Muitas empresas parceiras do Formare se referem à vantagem do programa no processo de seleção de novos funcionários, uma vez que, ao final do curso, os alunos que se destacam são efetivados. Isso também ocorre na Eaton?
A grande maioria das pessoas que deixa uma organização em um prazo de até dois anos, é por não se adaptar à sua cultura. E como meu chefe Antônio Galvão sempre diz, “quando estratégia e cultura se colidem, a cultura ganha”. A cultura é a soma de todos os comportamentos, é o jeito que se faz as coisas em uma organização. Você pode ter a melhor estratégia do mundo, mas se as pessoas não a assumem, a cultura vai imperar.
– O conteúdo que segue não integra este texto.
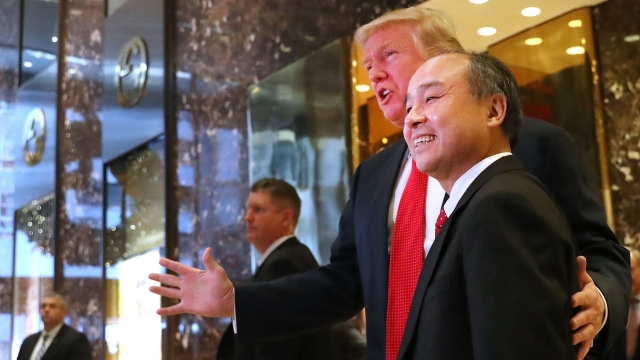 President-elect Donald Trump and SoftBank CEO Masayoshi Son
O investimento feito no Formare resulta em menor esforço para recrutamento, porque quando eu converto alunos para os meus quadros operacionais, eles já estão treinados, aculturados, conscientes e engajados com os nossos princípios de gestão. Este é um importante ganho para a Eaton.
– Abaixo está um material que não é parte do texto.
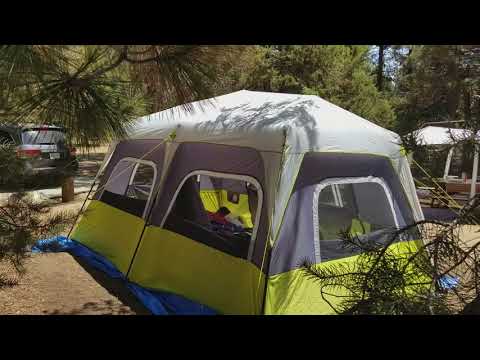Core Equipment 10-person instant tent review.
Desde a inauguração da primeira turma do Formare na Eaton, em 2009, até o ano de 2018, o programa já formou 820 jovens, transformando a vida deles e de suas famílias. Para isso, contou com apoio de 333 educadores voluntários. De que maneira estes números são percebidos pela Eaton fora do Brasil?
Desde o primeiro ano do Formare na unidade de São José dos Campos, ele é financiado com recursos provindos de uma área denominada Public and Community Affairs, que fica na sede da empresa em Cleveland. Essa área se dedica, entre outras iniciativas, a avaliar e realizar doações voluntárias para as comunidades onde a Eaton tem operações, e não possui em seu histórico um programa mais antigo, nem de tamanho valor do que o Formare. Isso ocorre porque tem sido possível demonstrar, ao longo dos anos, os benefícios que o programa traz, o que viabilizou a adesão de outras plantas: São José, depois Valinhos, Mogi, Caxias e Guaratinguetá. Tal expansão só foi possível porque nós não temos qualquer custo direto. Tudo é coberto pelo fundo.
Como a continuidade do programa é percebida pela Eaton?
Ano a ano, a gente manda um business case, um relatório com todo o histórico do programa, e recebe a notícia de que o financiamento vai continuar porque a empresa entende a relevância disso para o negócio e para as comunidades. Todos os executivos que vêm visitar as nossas plantas querem passar no Formare e conversar com os jovens. Temos essa exposição muito significativa.
Diante do sucesso do programa, a Eaton tem intenção de ampliar o número de unidades no Brasil ou mesmo no exterior?
O Formare tem uma demanda de organização que vai além dos recursos financeiros. Queremos levar o programa para nossa planta em Porto Feliz no próximo ano, o que depende também da estrutura de RH. Em Porto Feliz, após a migração de diversas atividades para um centro de serviços compartilhados, penso que teremos espaço na área para uma boa gestão do programa.